**Records for the exercise:**
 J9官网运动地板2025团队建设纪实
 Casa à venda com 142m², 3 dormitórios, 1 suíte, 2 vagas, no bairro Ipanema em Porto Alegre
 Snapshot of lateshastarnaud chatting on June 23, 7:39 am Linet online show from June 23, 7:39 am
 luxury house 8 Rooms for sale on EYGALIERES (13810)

--

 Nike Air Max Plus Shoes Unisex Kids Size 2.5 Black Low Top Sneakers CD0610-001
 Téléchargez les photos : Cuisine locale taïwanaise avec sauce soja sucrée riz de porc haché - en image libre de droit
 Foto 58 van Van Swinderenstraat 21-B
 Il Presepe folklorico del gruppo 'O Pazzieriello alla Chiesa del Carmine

**Work to complete:**
Start with the line above that contains "J9官网运动地板2025团队建设纪实" and end with the line that contains "luxury house 8". Write out those lines exactly, and only those.

**Exercise output:**
 J9官网运动地板2025团队建设纪实
 Casa à venda com 142m², 3 dormitórios, 1 suíte, 2 vagas, no bairro Ipanema em Porto Alegre
 Snapshot of lateshastarnaud chatting on June 23, 7:39 am Linet online show from June 23, 7:39 am
 luxury house 8 Rooms for sale on EYGALIERES (13810)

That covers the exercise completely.